Your task is to repeat the entries word for word while leaving out the pictures.

┄┄┄┄┄┄

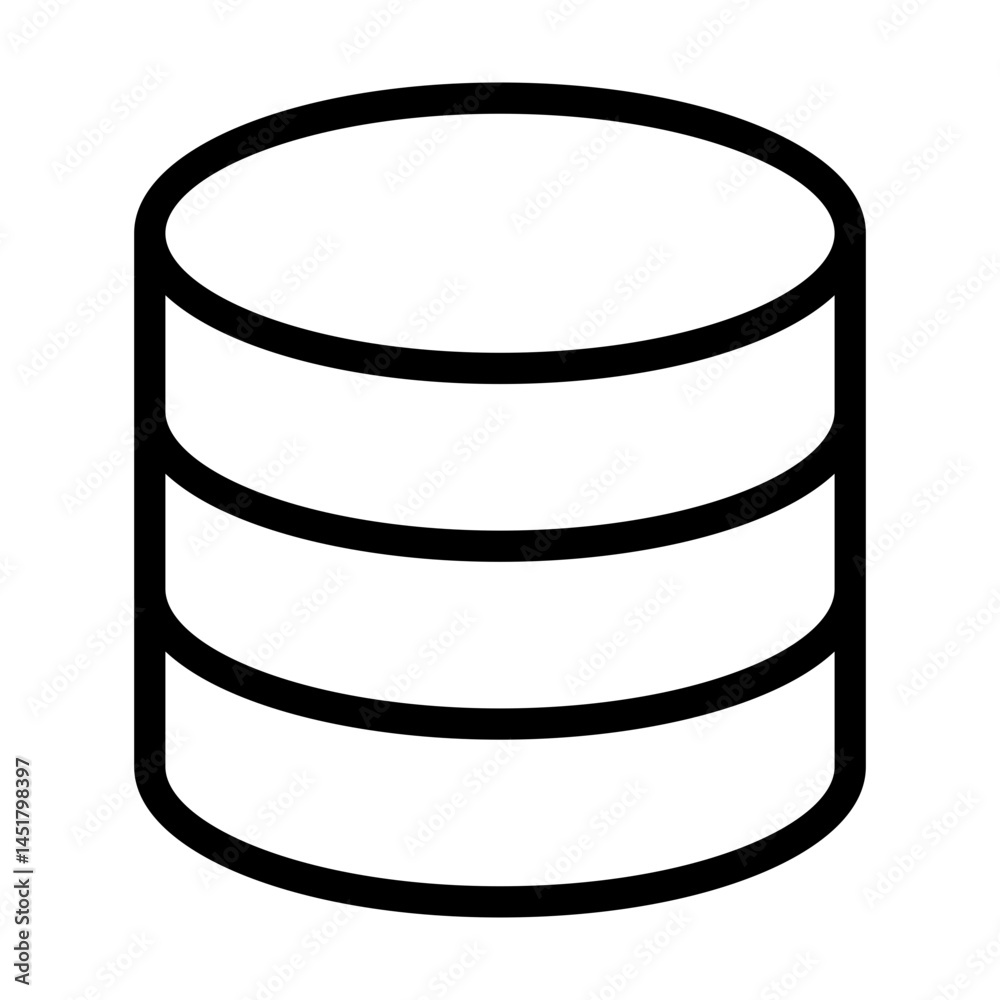 database line icon
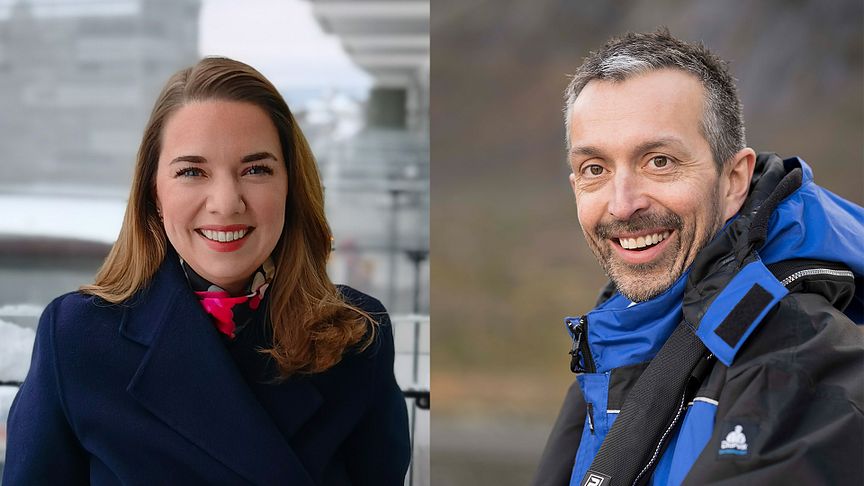 Victoria Braathen og Trond Rismo blir Sjømatrådets nye utsendinger til hhv Storbritannia og Portugal.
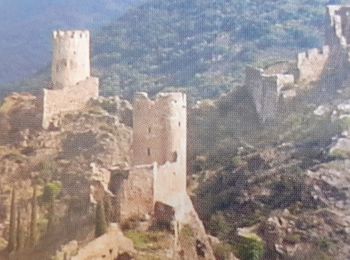 Tocht Stappen Lastours - circuit des 4 châteaux de Lastours  - Photo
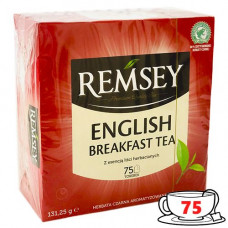 Чай чорний Remsey English Breakfast Tea 75 фільтр-пакетів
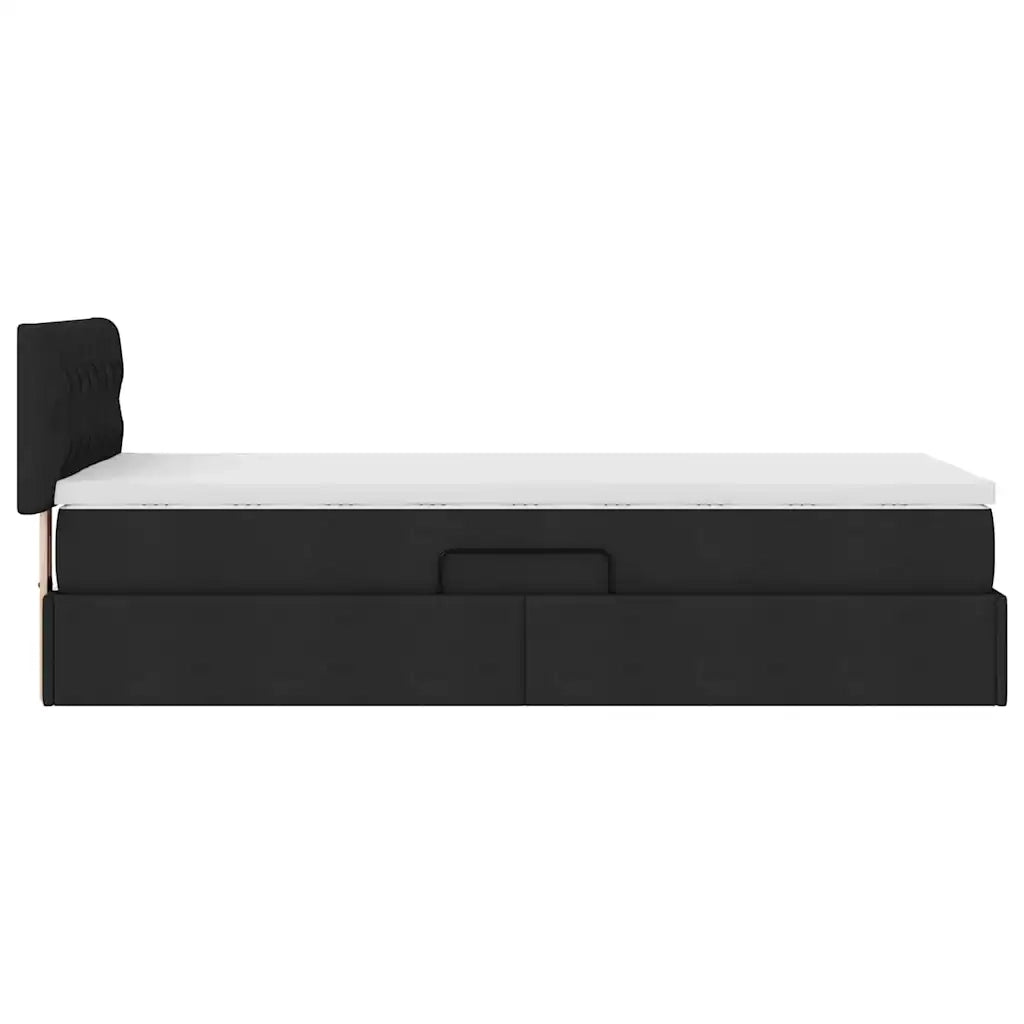 Letto con contenitore e materasso Nero 100 x 200 cm 3370553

┄┄┄┄┄┄

Completed exercise ->
 database line icon
 Victoria Braathen og Trond Rismo blir Sjømatrådets nye utsendinger til hhv Storbritannia og Portugal.
 Tocht Stappen Lastours - circuit des 4 châteaux de Lastours  - Photo
 Чай чорний Remsey English Breakfast Tea 75 фільтр-пакетів
 Letto con contenitore e materasso Nero 100 x 200 cm 3370553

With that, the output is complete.